***** Provided data

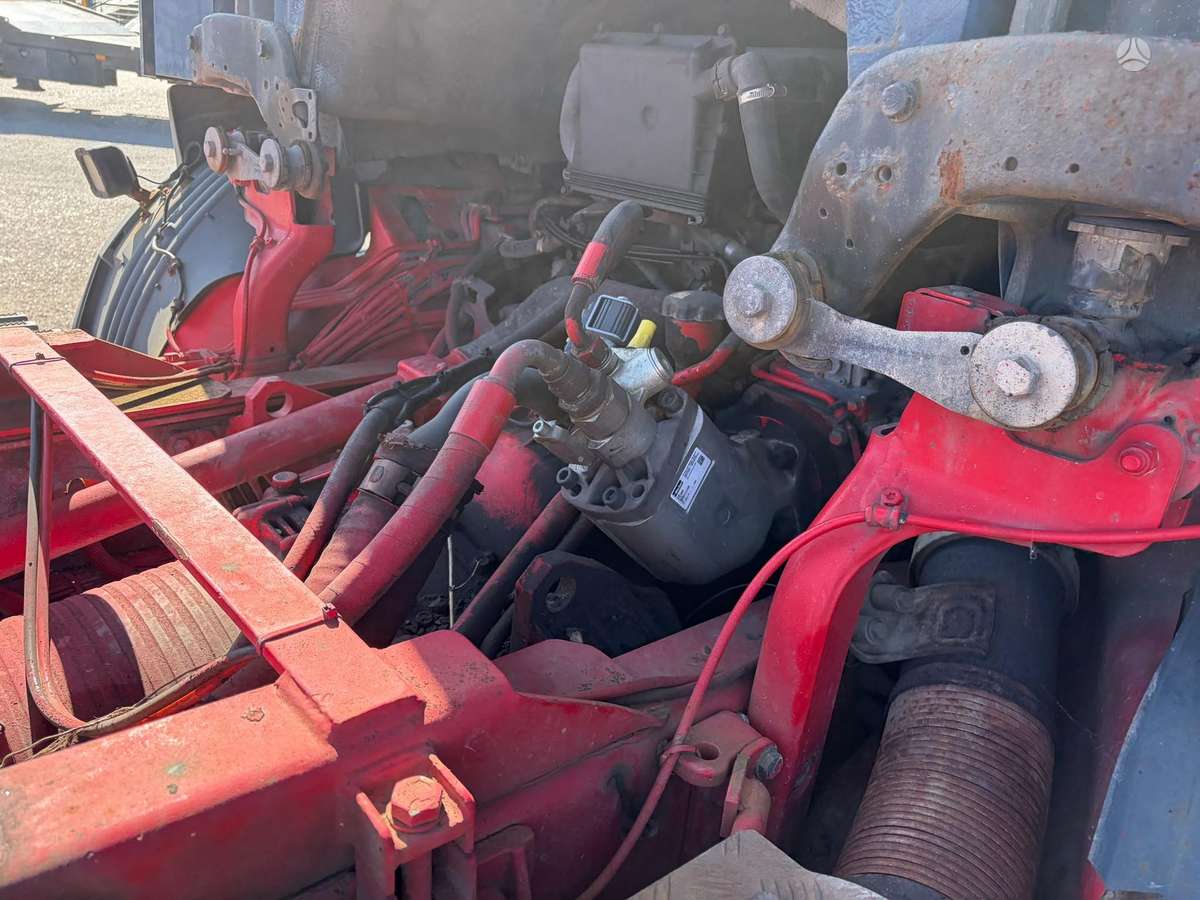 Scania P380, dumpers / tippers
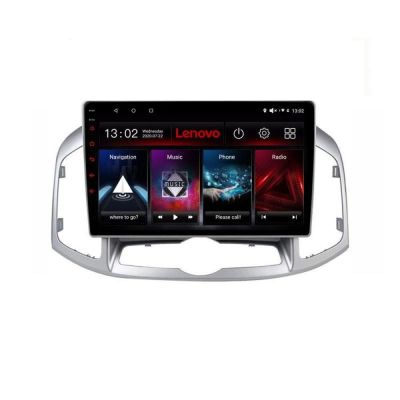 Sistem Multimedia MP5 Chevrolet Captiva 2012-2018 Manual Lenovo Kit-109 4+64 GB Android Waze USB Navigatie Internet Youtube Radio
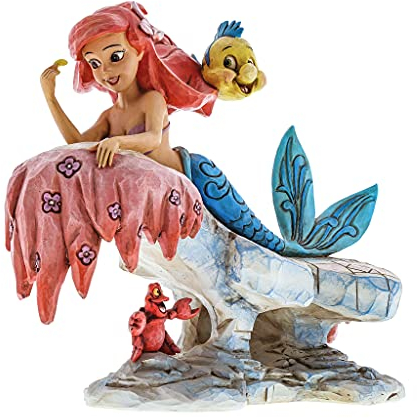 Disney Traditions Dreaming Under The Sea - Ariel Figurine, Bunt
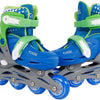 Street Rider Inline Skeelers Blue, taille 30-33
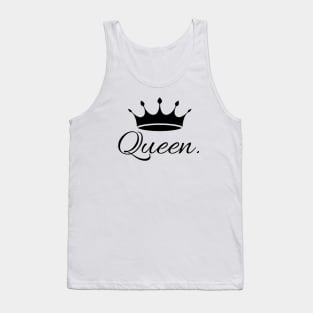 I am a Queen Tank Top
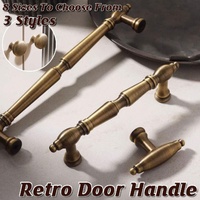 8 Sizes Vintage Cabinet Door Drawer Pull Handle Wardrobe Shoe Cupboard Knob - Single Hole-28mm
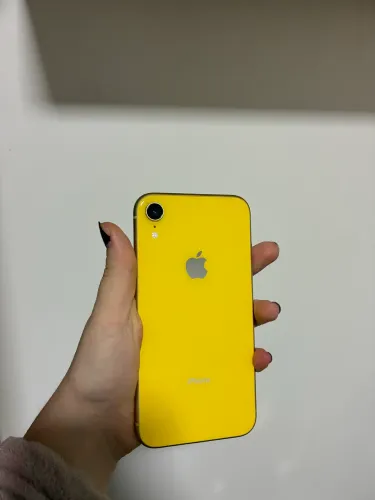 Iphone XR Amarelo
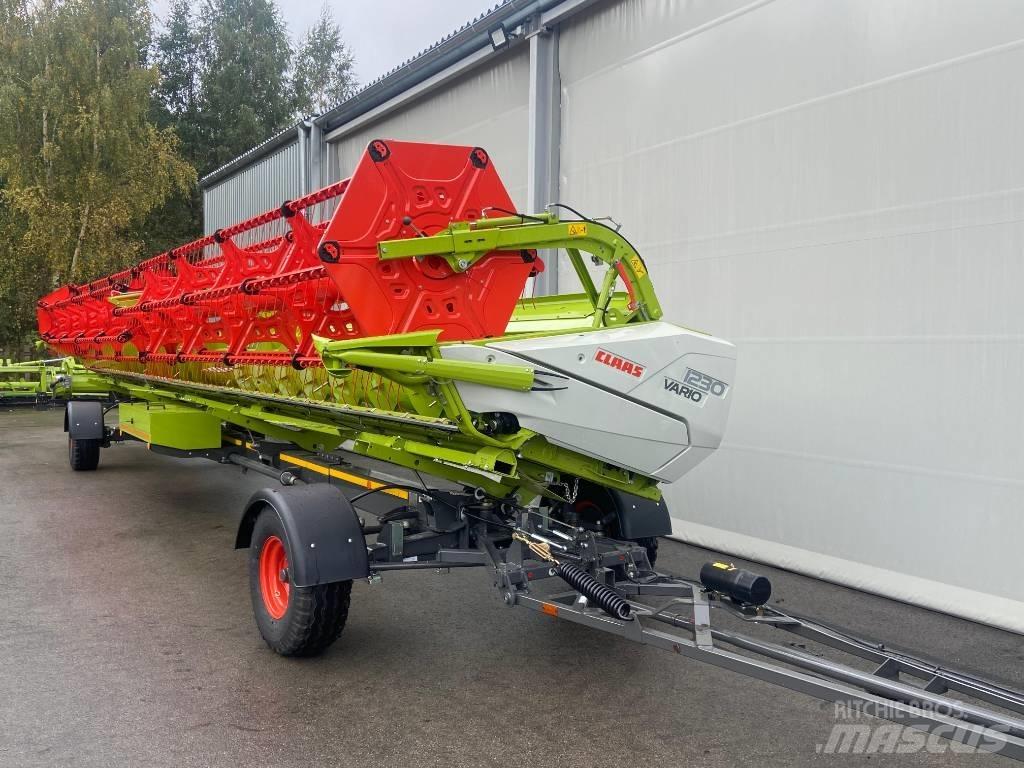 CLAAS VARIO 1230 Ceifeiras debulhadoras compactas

**********
***** Provided data

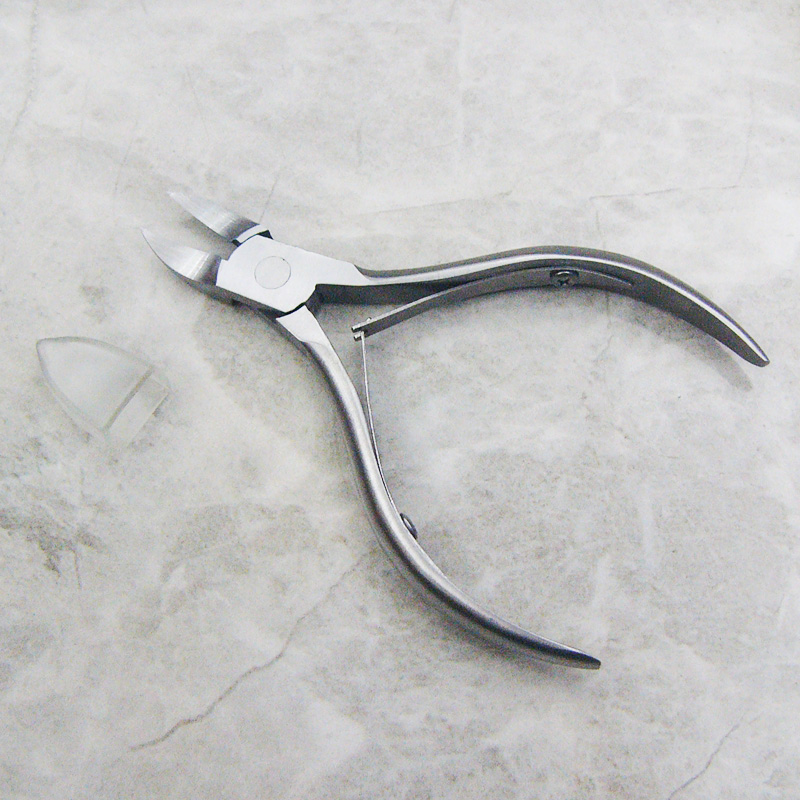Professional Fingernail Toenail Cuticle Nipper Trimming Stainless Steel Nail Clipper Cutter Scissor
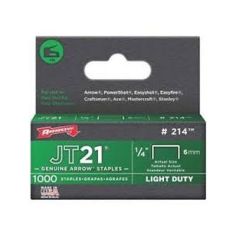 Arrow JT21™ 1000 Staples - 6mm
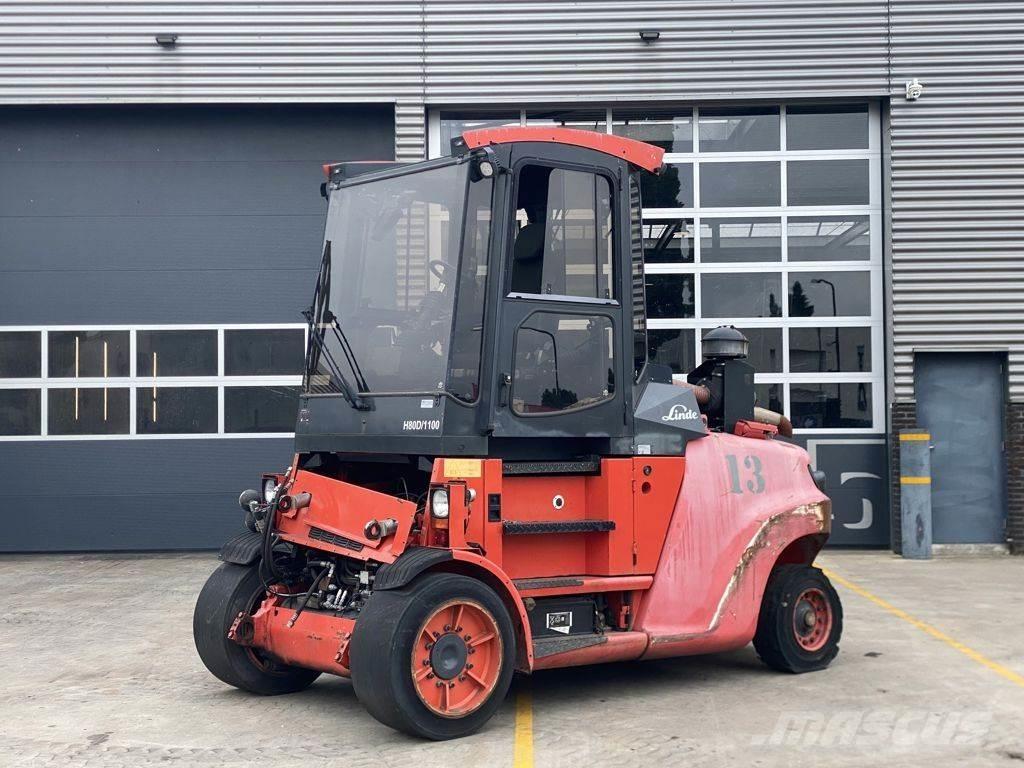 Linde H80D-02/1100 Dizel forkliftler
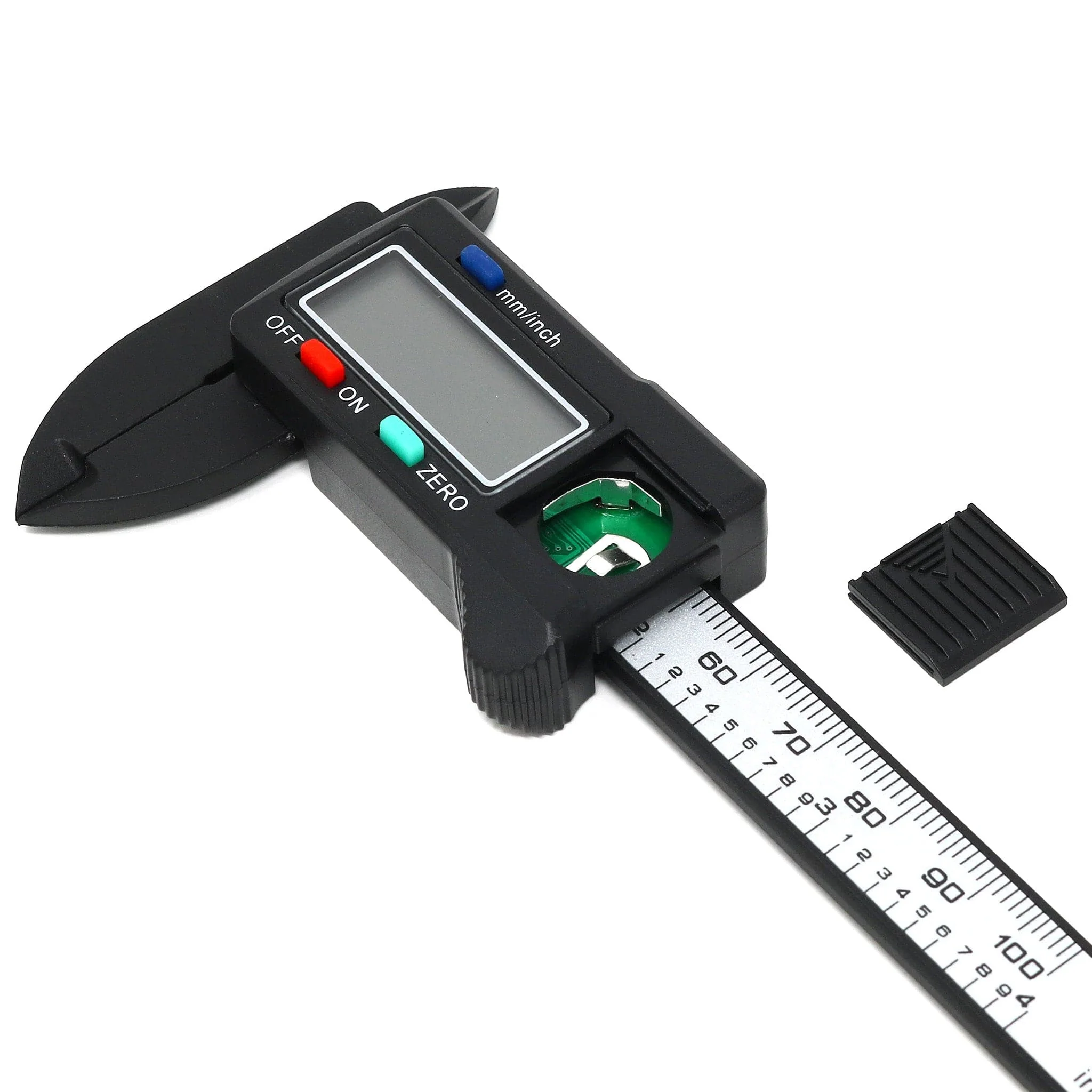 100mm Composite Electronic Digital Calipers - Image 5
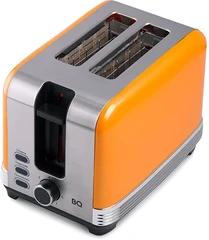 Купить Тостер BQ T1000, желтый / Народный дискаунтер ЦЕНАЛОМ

**********
***** Provided data

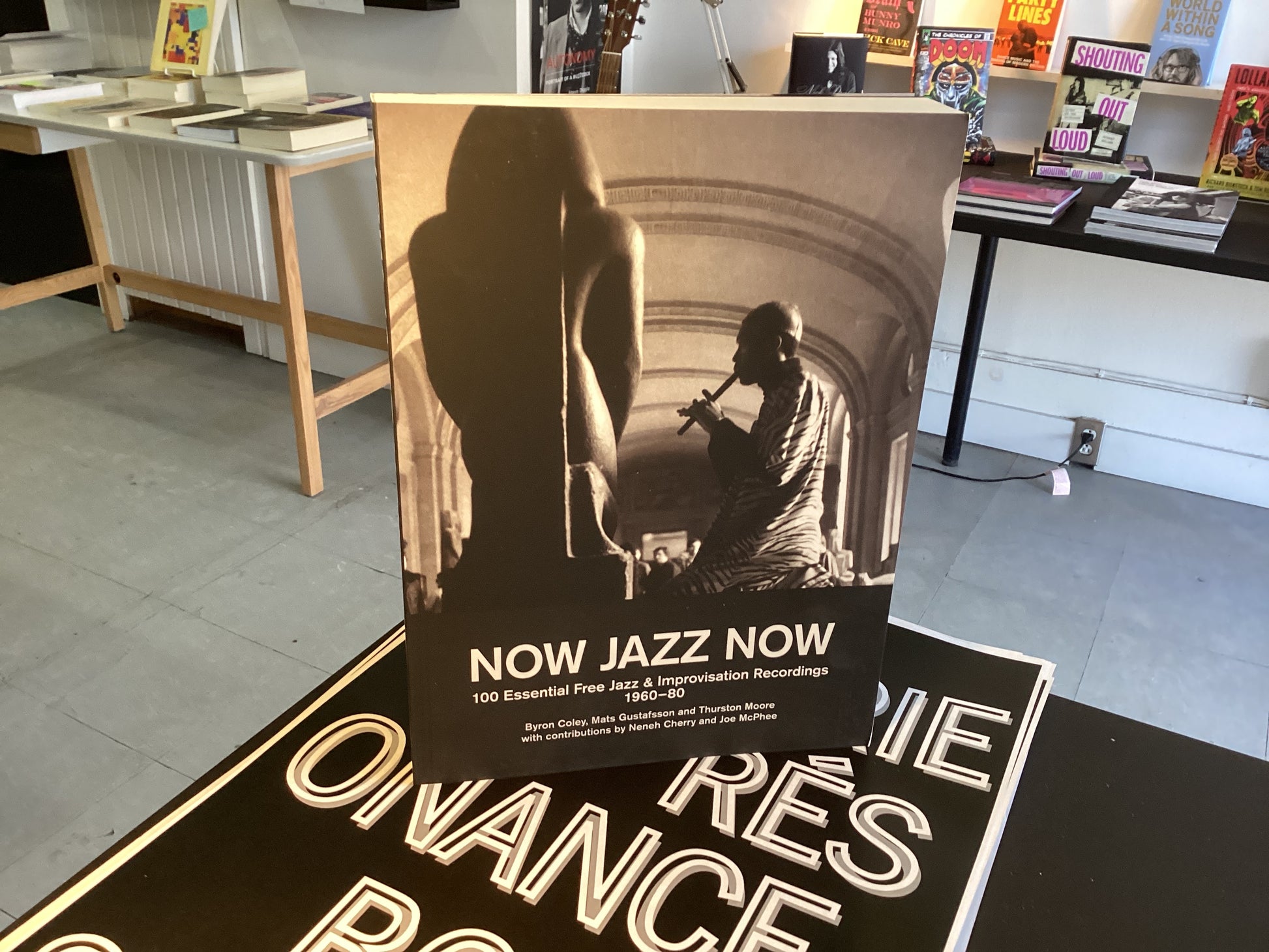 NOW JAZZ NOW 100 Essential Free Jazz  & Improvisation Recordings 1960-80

**********

Among the entries above, take the lines from the one with "I am a Queen Tank Top" through the one with "CLAAS VARIO 1230" and retype them exactly, leaving out the pictures.

 I am a Queen Tank Top
 8 Sizes Vintage Cabinet Door Drawer Pull Handle Wardrobe Shoe Cupboard Knob - Single Hole-28mm
 Iphone XR Amarelo
 CLAAS VARIO 1230 Ceifeiras debulhadoras compactas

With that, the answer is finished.